女王陛下は溺愛禁止!



 宮中はにわかに騒がしくなった。
 医務室に運ばれたクライドは医療官の手当てを受けたのち、駆け付けた神官によって治癒の魔力を注がれた。

「一命はとりとめましたが、予断を許さない状況です。現在、医療官、神官がつききりで看護にあたっております」
 アンジェリアはラドウィルトの報告に青ざめたまま頷いた。

「リアンシェードへの報告は」
「首相が大使館へ出向かれて説明されましたが、厳重な抗議を受けました」
 警備の不備を非難されたが、これに関しては反論の余地がない。王宮内ということでクライドの護衛も気を抜いていたようだが、主たる責任はソルディノアノスにある。

「私をかばったのだ、厚くお礼を申し上げねばならん。賠償はかなりのことになろうな」
「今はそのようなことおっしゃいますな」
 ラドウィルトは無表情でアンジェリアを見る。

「彼の方にひかれておいででございましたでしょう。さぞごご心配のこととお察し申し上げます」
「……ひかれてなどいない」
「ご無理なさいますな」
 そうでなければ説明がつかない。アンジェリアがクライドをはね退けず、抱きしめられたままになっている事態なんて。

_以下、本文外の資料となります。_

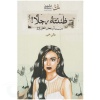 ظننته رجلا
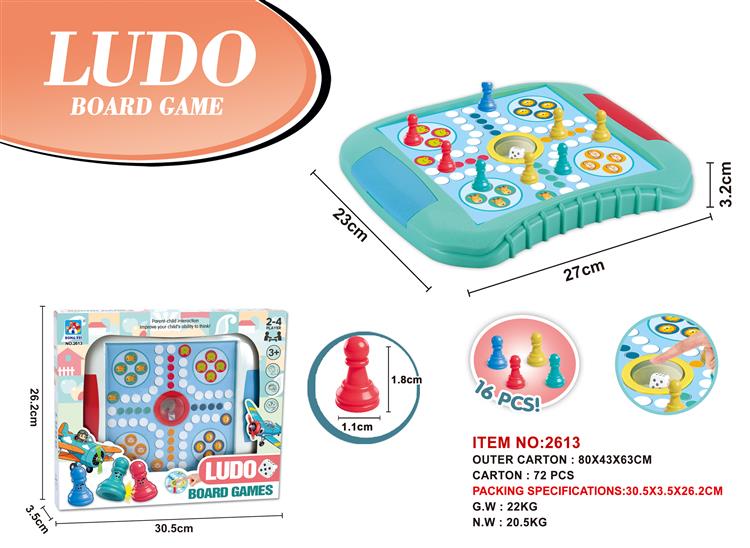 交通工具彩画本（小号） 2613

「ご心痛のことと思いますが、政務は滞りなく成し遂げていただかなくてはなりません。可能なものは延期、もしくは代行できるようにいたします」
「必要ない。犯人はどうなった」

「取り調べを進めております。現状の調べでは個人的な恨みで、背後は特にはないようです」
 本当に単独犯なのかはさらに捜査が必要だ。女王を亡き者にしたい何者かが彼女の恨みに便乗して手引きした可能性は否定できない。

「先日の、クライド殿下やリストンの自称王族への襲撃とは関係ないのだな」
「関係ないと思われます。花瓶の件も知らぬようで」
 報告に、アンジェリアはため息をもらす。